The JFSC has now confirmed that it has settled with the business, but did not provide details of the settlement.
In a public statement, the JFSC said its investigation revealed that "between 2018 and 2021, Lutea failed to organise and control its affairs effectively for the proper performance of its business activities and did not operate adequate risk management systems."
Pictured: Lutea Holdings Limited have agreed to settle with the JFSC for significant and material breaches of regulatory requirements.
As a result of "systemic deficiencies in Lutea's corporate governance and internal systems and controls", the company was "vulnerable" to significant Money Laundering and Terrorism Financing risk. As a result, the company was found to "pose an unacceptable risk to the integrity and stability of Jersey's financial services industry."
Specifically, the investigation found that Lutea had an inadequate and out of date Business Risk Assessment and Strategy and lacked a formal strategy to counter money laundering and terrorism financing. The report also identified "limited ad-hoc compliance monitoring", with compliance reports lacking "sufficient detail and content" and a "lack of quantitive data, presented in a coherent manner."
Lutea was found to have inadequate Enhanced Due Diligence procedures, with no policy in place for the identification of politically exposed people (PEP's); that is, a person who has been entrusted with a prominent public function and therefore a person presenting a higher risk for potential involvement in bribery and corruption.
Pictured: Lutea had no policy in place for the identification of political exposed people who present a higher risk for potential involvement in bribery and corruption.
Moreover, the JFSC identified issues with Lutea's customer risk assessments. For example, one customer was rated as low risk for over 10 years, despite the presence of high risk factors and, in another case, two customer risk assessments conducted in 2018 failed to consider a customers connection to high risk jurisdictions and activities.
The JFSC also found that one customer risk assessment "stated there was no negative news and/or litigation despite the periodic review performed at the same time identifying beneficiaries that had been fined by tax authorities for falsifying records."

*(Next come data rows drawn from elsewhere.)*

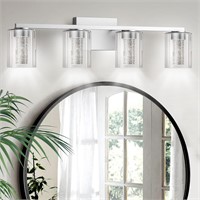 4-Light Vanity Lights  Dimmable 5CCT Bathroom Ligh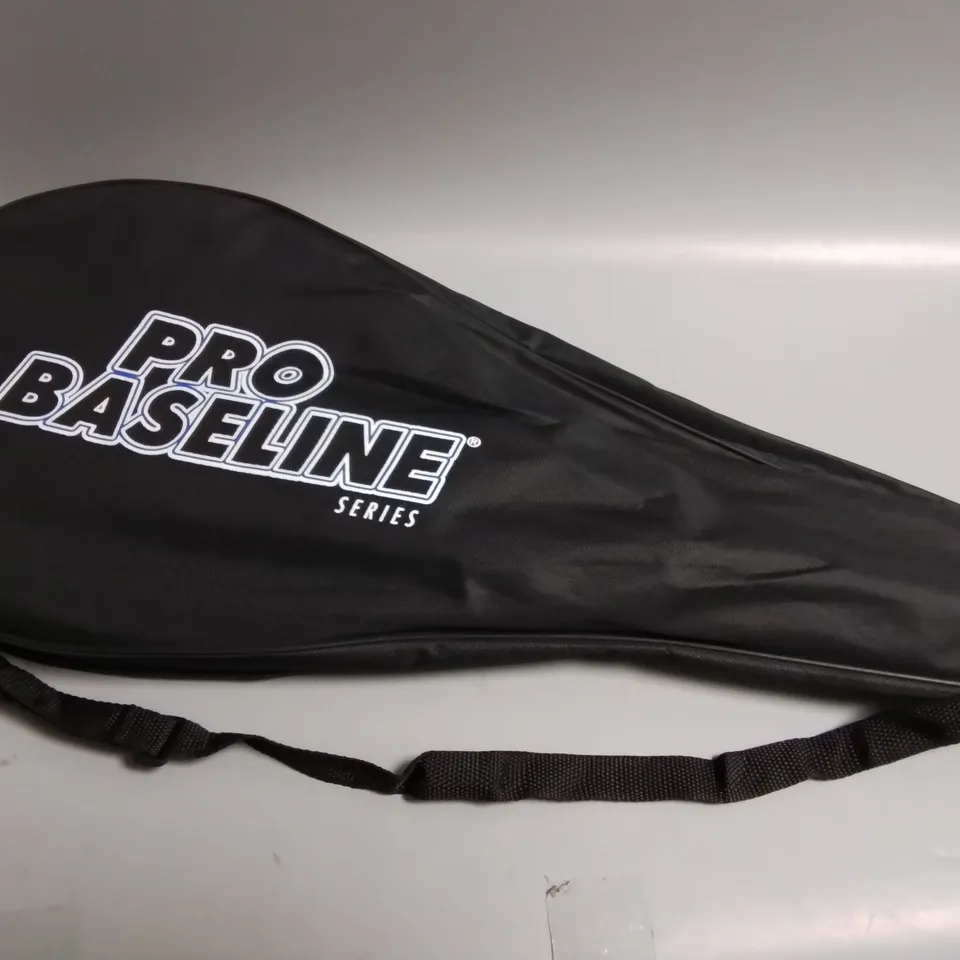 PRO BASELINE 2-PLAYER TENNIS RACKET SET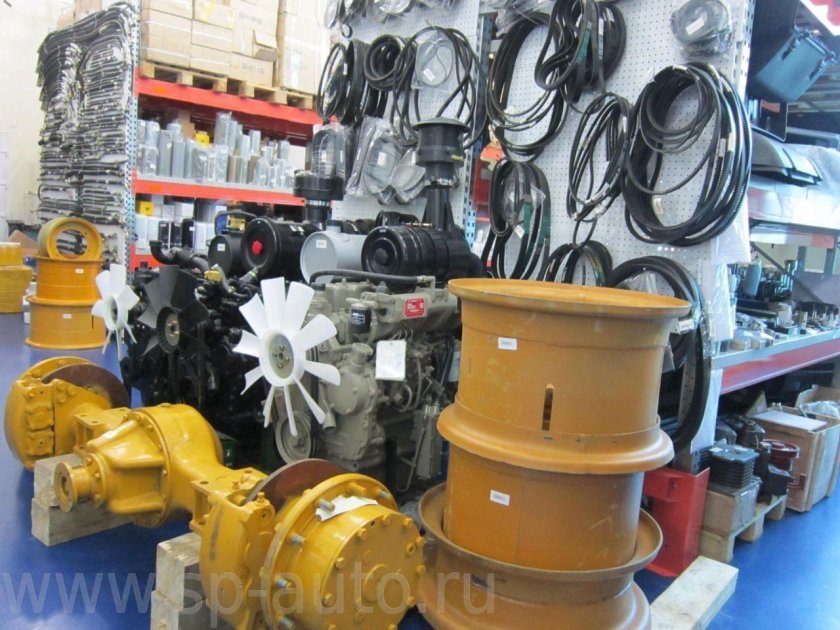Запчасти для спецтехники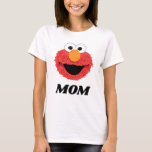 Sesame Street | Elmo Mom T-Shirt<br><div class="desc">This vibrant t-shirt features Elmo from Sesame Street alongside the bold text "Mom, " making it a fun and playful choice for the mom at an Elmo-themed celebration. Elmo’s cheerful expression adds charm and excitement, perfect for showing off Sesame Street spirit at birthday parties or events. Customizable for a personal...</div>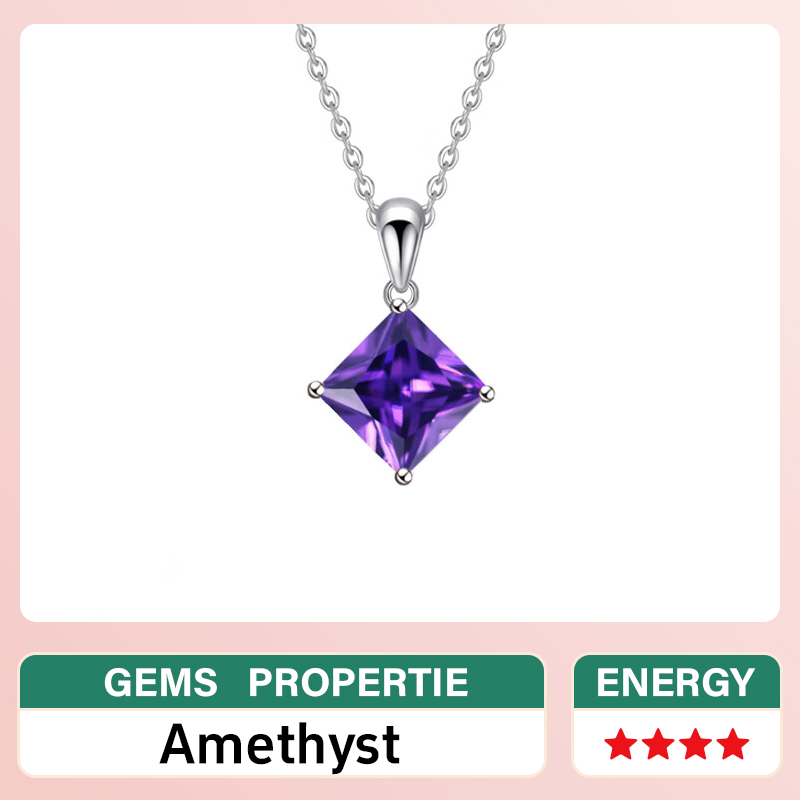 Amethyst Necklaces - Feb Birthstone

Lutea's customer record keeping was seen to be "very poor" with records "not kept in an adequate, orderly, or up to date manner."
Lutea reportedly lacked a central storage system, and directors regularly stored customer records in their own personal folders.
The JFSC's investigation concluded that the root of the problem lay with Lutea’s board of directors. According to the JFSC, the board "was ineffective, lacked awareness of regulatory requirements and engendered an organisational culture without due regard for compliance."
The board was mostly appointed internally, resulting in a "lack of diversity of skillset in its composition", with new board members receiving no formal induction and no personal development training.
As a result, the board was said to have "had insufficient understanding of requirements and best practice in governance, risk and compliance matters."
Kerry Petulla, Executive Director of Enforcement for the JFSC, commented: “The fight against financial crime is a priority for the JFSC.
"We expect businesses to maintain robust corporate governance arrangements and AML/CFT [Anti-money laundering/countering the financing of terrorism] systems and controls.
"In this case, the Lutea board was found to be ineffective and failed to promote an internal culture of compliance.”